> _Directions_: Pull each line with the string "para" from the entries.

> _Collected data_:
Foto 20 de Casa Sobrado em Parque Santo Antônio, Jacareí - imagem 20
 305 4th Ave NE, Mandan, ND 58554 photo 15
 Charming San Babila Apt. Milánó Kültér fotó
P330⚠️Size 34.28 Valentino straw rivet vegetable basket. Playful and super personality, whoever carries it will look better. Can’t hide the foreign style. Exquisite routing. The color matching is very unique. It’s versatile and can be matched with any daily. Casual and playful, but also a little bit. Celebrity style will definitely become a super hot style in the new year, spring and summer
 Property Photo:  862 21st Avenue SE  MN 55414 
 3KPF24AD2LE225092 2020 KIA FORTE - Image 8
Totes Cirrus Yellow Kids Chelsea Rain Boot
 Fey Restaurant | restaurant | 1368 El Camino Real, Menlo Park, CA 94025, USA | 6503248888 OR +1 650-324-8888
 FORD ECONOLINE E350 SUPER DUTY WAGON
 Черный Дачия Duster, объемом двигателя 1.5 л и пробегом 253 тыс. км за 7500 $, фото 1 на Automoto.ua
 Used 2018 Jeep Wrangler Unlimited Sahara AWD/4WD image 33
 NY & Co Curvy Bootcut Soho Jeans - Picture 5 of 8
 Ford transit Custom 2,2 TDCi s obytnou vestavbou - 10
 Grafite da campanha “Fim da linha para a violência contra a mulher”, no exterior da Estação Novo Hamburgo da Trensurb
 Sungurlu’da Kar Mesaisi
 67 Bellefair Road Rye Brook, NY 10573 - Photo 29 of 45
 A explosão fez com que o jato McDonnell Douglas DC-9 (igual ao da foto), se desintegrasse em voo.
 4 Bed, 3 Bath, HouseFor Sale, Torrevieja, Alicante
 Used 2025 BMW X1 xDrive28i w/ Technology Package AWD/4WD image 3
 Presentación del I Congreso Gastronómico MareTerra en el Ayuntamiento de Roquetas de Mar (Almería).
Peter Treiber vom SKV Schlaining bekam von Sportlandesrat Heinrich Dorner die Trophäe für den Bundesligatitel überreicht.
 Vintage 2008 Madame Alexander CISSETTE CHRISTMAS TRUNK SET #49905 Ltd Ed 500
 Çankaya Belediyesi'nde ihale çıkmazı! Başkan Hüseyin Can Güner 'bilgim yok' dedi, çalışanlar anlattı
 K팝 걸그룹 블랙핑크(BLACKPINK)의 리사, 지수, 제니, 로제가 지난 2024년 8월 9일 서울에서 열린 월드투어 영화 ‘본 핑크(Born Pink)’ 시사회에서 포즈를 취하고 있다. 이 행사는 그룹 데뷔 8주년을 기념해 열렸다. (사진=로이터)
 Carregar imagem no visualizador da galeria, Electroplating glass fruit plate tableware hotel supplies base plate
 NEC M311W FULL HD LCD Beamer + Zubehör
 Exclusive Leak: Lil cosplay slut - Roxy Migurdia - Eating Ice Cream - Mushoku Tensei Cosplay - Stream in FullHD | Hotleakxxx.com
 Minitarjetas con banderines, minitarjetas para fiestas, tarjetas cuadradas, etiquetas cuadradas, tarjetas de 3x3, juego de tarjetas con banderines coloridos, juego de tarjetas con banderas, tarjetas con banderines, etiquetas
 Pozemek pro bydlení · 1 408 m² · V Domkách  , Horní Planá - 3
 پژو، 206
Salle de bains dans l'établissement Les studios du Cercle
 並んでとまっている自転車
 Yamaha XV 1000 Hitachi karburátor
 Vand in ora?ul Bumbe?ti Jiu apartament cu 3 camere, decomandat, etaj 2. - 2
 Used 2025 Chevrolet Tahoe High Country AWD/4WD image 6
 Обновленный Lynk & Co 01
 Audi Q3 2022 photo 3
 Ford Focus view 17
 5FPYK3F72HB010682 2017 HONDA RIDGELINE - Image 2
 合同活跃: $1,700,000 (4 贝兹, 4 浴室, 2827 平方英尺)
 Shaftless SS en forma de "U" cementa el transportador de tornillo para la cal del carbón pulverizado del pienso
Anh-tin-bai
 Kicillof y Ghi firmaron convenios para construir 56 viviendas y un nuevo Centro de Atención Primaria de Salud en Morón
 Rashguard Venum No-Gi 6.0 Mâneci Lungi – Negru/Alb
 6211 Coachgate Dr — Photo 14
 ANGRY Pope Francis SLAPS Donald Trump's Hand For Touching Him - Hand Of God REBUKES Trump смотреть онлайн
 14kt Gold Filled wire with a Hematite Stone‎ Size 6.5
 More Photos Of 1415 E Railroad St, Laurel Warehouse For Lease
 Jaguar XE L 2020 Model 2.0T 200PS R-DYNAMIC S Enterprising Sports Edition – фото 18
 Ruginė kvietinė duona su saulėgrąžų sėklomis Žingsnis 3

> _Solved problem_:
 Grafite da campanha “Fim da linha para a violência contra a mulher”, no exterior da Estação Novo Hamburgo da Trensurb
 Minitarjetas con banderines, minitarjetas para fiestas, tarjetas cuadradas, etiquetas cuadradas, tarjetas de 3x3, juego de tarjetas con banderines coloridos, juego de tarjetas con banderas, tarjetas con banderines, etiquetas
 Shaftless SS en forma de "U" cementa el transportador de tornillo para la cal del carbón pulverizado del pienso
 Kicillof y Ghi firmaron convenios para construir 56 viviendas y un nuevo Centro de Atención Primaria de Salud en Morón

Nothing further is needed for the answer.